• Gaya Hidup

Waspada Risiko Kecacatan Akibat Hipertensi

Syafira | Sabtu, 31/08/2019 11:33 WIB
Waspada Risiko Kecacatan Akibat Hipertensi Kebanyakan pengidap hipertensi tidak terdeteksi lantaran tidak mengalami gejalanya langsung (Foto: Netizen Pos)

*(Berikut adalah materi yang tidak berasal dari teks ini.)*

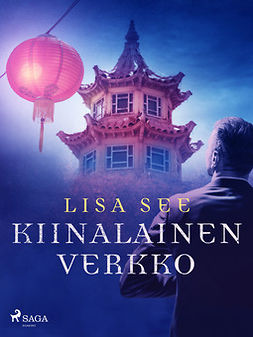 See, Lisa - Kiinalainen verkko, ebook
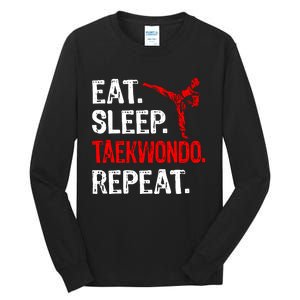 Eat Sleep Taekwondo Repeat Taekwondo Player Funny Tall Long Sleeve T-Shirt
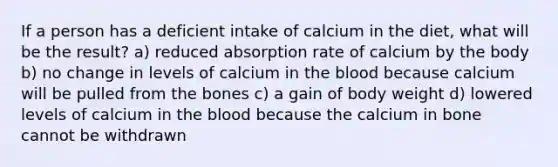 If a person has a deficient intake of calcium in the diet, what will be the result? a) reduced absorption rate of calcium by the body b) no change in levels of calcium in the blood because calcium will be pulled from the bones c) a gain of body weight d) lowered levels of calcium in the blood because the calcium in bone cannot be withdrawn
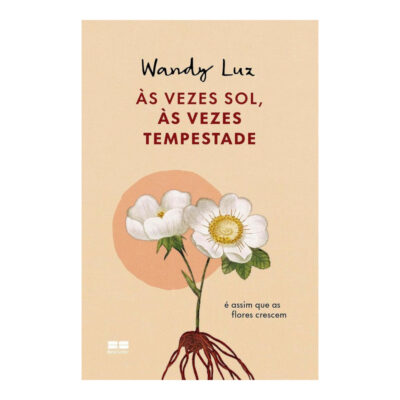 Às Vezes Sol, Às Vezes Tempestade, É Assim Que As Flores Crescem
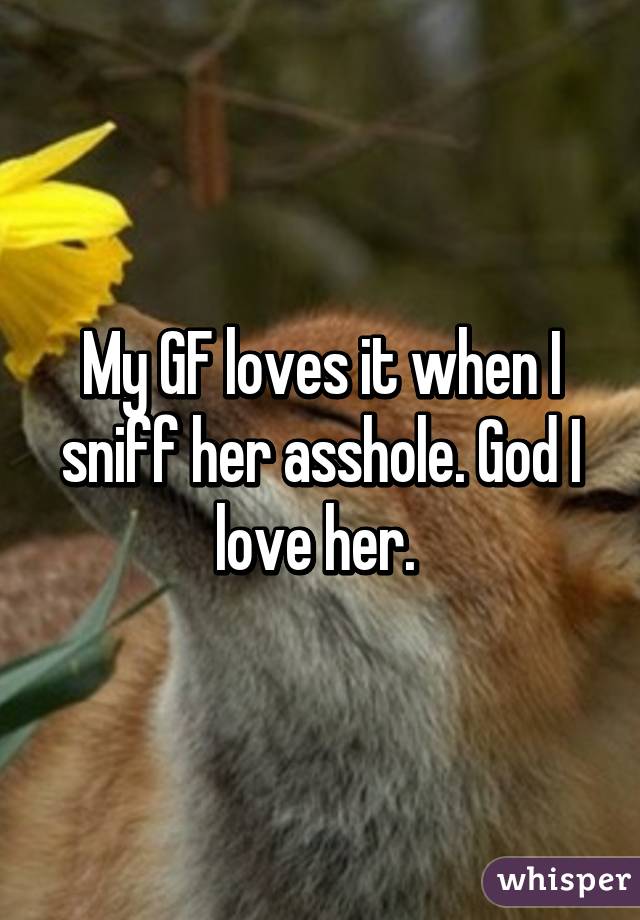 My GF loves it when I sniff her asshole. God I love her. 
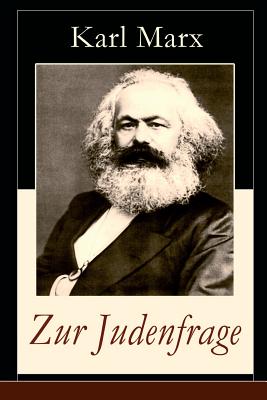 Zur Judenfrage: Politische Emanzipation der Juden in Preußen (Die Frage von dem Verhältnis der Religion zum Staat) - Karl Marx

Jakarta - Sekitar 26 persen populasi dunia atau sekitar 972 juta orang di tahun 2000 menderita hipertensi, dan prevalensinya diperkirakan akan meningkat menjadi 29 persen pada tahun 2025.

Di Indonesia prevalensi hipertensi di tahun 2018 berdasarkan hasil pengukuran pada penduduk usia ≥ 18 tahun sebesar 34,1% persen.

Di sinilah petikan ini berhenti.